Dieu ne fait pas le mal, mais son plan passe parfois par laisser le Diable s’enferrer dans une stratégie qui le trompe, en soumettant les élus à des épreuves cruelles. Le Seigneur Jésus lui-même en est l’exemple suprême. En faisant accuser Jésus, en le faisant crucifier, Satan s’est condamné lui-même.  En persécutant l’Église de Christ, Satan n’a fait que mettre en place les conditions qui ont permis à celle-ci de se répandre et de vaincre.

Si ce n’est pas de contagion, de flèches, du lion, de la vipère, des pièges de notre réalité physique, alors de quels dangers le psaume parle-t-il ?

Pour nous aider à comprendre, nous allons nous enfoncer encore un peu plus dans le paradoxe. Dans son discours sur le mont des Oliviers, Jésus annonce aux disciples la destruction de Jérusalem  (Luc 21:16 et 17) et parallèlement, ce qui arrivera à la fin des temps. Il liste une série de tribulations : vous serez, livrés, haïs, ils vous feront mourir.. et au verset 18 “Mais il ne se perdra pas un cheveu de votre tête ; par votre persévérance vous sauvegarderez vos âmes”. Comment Jésus, peux-tu dire qu’on va mourir et dans la même phrase que pas un cheveu ne tombera de notre tête ? 

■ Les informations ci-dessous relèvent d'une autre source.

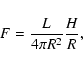 \begin{displaymath}F={L\over 4\pi R^2}{H\over R},
\end{displaymath}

La conclusion logique, c’est que précisément, c’est bien de nos âmes que le Seigneur se préoccupe, de notre vie éternelle. Dit brutalement, Jésus est mort sur la croix pour racheter nos âmes, pas pour sauver notre peau. C'est une vérité qui n'est pas toujours facile à avaler, mais ce qui importe à Dieu, ce n’est pas tant cette enveloppe dans laquelle nous vivons cette vie matérielle, visible, que ce qu’elle contient :  l’esprit, invisible, qui a été racheté au prix du sang de Jésus, pour vivre à jamais auprès de Dieu. Le Diable peut s’en prendre à notre corps, comme il s’en est pris à Jésus et aux saints listés en Hébreux 11. Mais il ne peut s’en prendre à notre âme tant qu’elle demeure “À l’abri du Très-Haut” comme le dit tout ce psaume magnifique, tant qu’on ne lui livre accès. C’est ce qui explique le courage de ces héros de la foi qui ont tout enduré, sans renier leur sauveur, afin “d’obtenir une meilleure résurrection”. Leur corps a été détruit, déshonoré parfois ; mais leur âme a été glorifiée comme Étienne, le diacre mis à mort (Actes des apôtres 7:54-59).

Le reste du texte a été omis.